GENNAIO
2000 |
hermes |
pagina 5 |
GRECIA NASCOSTA
Una
Grecia tutta da scoprire
di Tiziana Pierleoni
Non è la Grecia conosciuta
che vi voglio proporre, non è Delfi o il Parnaso, l’Olimpo o il Partenone. E’
la Grecia nascosta, quella che nessuno (o quasi) conosce. Quella che incontri
attraversando strade isolate, fuori dalle rotte turistiche. Quella che scopri
per caso, attraversando montagne e campagne, percorrendo centinaia di
chilometri senza incontrare nessuno. Gli unici abitanti sono solo le capre che
pascolano indisturbate in libertà e che puoi incontrare anche sulle strade.
Questa è forse la Grecia più
interessante!
Era ormai sera e dopo aver percorso
diverse centinaia di chilometri, la necessità di fermarsi e riposare in un
campeggio si faceva impellente. Decidiamo di fermarci nei pressi di Korinthos.
Ma proprio in un piazzale accanto all’ingresso del campeggio vediamo uno scavo
archeologico in corso. La curiosità è tanta, quindi una volta sistemato il
camper, prima che faccia buio, andiamo a curiosare.
Con notevole difficoltà cerco di farmi
capire da due signori che parlano greco e inglese, chiedendo di che scavo si
trattasse. Rispondono che la mattina seguente avrei trovato l'archeologa
responsabile e che "guarda caso" parlava l'italiano.

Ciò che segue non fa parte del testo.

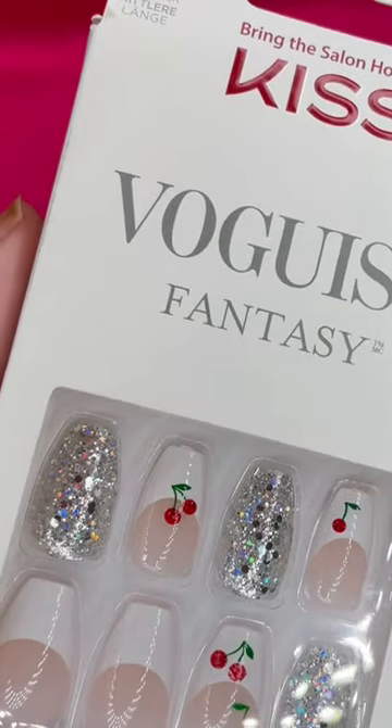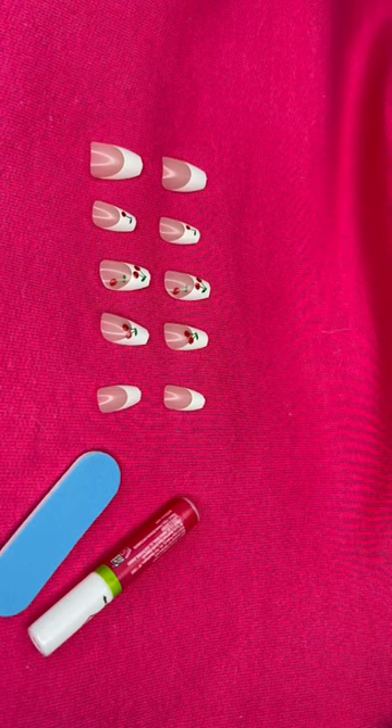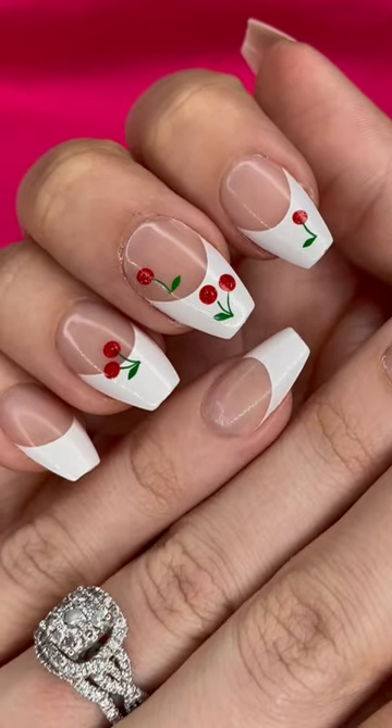I'm going to be applying these Kiss Vogue-ish Fantasy Press On Nails. They are in the length medium. I have several other videos you can look back on my channel on how to apply these to last two plus weeks.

Molti greci
vengono a studiare in Italia e ne ho avuto la conferma il giorno dopo. Infatti,
l'archeologa parlava un ottimo italiano avendo conseguito la laurea
all'Università di Bari. Parlando le spiego che sono un'appassionata
d'archeologia, che faccio parte di un gruppo di volontari nella zona di
Cerveteri (Etruscan Peoples!) e che volevo informazioni sullo scavo che stavano
eseguendo.
L'archeologa mi spiega che la scoperta di
quest’insediamento risalente al V°-VI° secolo A.C. è stata del tutto casuale. I
proprietari del terreno avevano inziato i lavori per mettere in posa dei tubi
per l’acqua. Da qui la scoperta; una casa con molteplici stanze, fra cui una,
probabilmente adibita a dispensa, dove era presente un grande pithos collocato al centro della stessa
ed ancora in ottime condizioni. Moltissimi i frammenti rinvenuti di vasi in
ceramica, pasta vitrea dai colori giallo, ocra e blu, tegole e tubi ad incastro
usati come condotto per l'acqua. Lo scavo è ancora in corso e chissà quanti
altri oggetti verranno ancora alla luce. Purtroppo dobbiamo ripartire perché il
nostro viaggio deve continuare. Salutiamo tutti e con un po' di dispiacere ci
congediamo.
La nostra rotta è verso Nord.
Percorriamo l'autostrada che da Korinthos passa
per Athina, procede verso Larissa, per terminare a Thessaloniki. 950 Km.
d'autostrada (chiamiamola così!) in perenne costruzione. I cantieri si
susseguono su tutto il tragitto ed è ormai usuale incontrare frequentemente
interruzioni di carreggiata perché durante i lavori vengono alla luce nuovi
reperti archeologici. Si riconoscono all'istante: ben organizzate, squadre
d'archeologi installano grossi tendoni od ombrelloni bianchi per lavorare senza
problemi sotto il sole cocente d'agosto.
Niente passa inosservato, niente è lasciato
allo stato d'abbandono: ove possibile tutto è riportato alla luce, restaurato e
visibile dal turista di passaggio.
Giunti a Thessaloniki ci dirigiamo verso la penisola della Chalkidiki dove ci fermiamo per qualche settimana. Al ritorno decidiamo di percorrere una strada mai percorsa a Nord della Grecia. Attraversando una zona di montagna fra Veria, Kozani e Joannina incontriamo un'altro grande scavo archeologico. Purtroppo non c'è nessuno ma decidiamo di fermarci comunque. Lo scavo è molto vasto ed a prima vista la struttura delinea una costruzione con tantissime stanze. Da una prima ricognizione scopriamo che in alcune stanze sono accatastate centinaia di tegole e mattoni. Chissà forse qui le producevano, forse si trattava di una fornace. Ed infatti proseguendo il nostro giro troviamo una zona dove sono presenti due forni, uno piccolo ed uno grande, a forma di tronco di cono, con un'apertura di lato, che permetteva l'ingresso della legna o del carbone da ardere, una colonnina al centro che sorreggeva la parte superiore, che era dotata di fori per la fuoriuscita del calore.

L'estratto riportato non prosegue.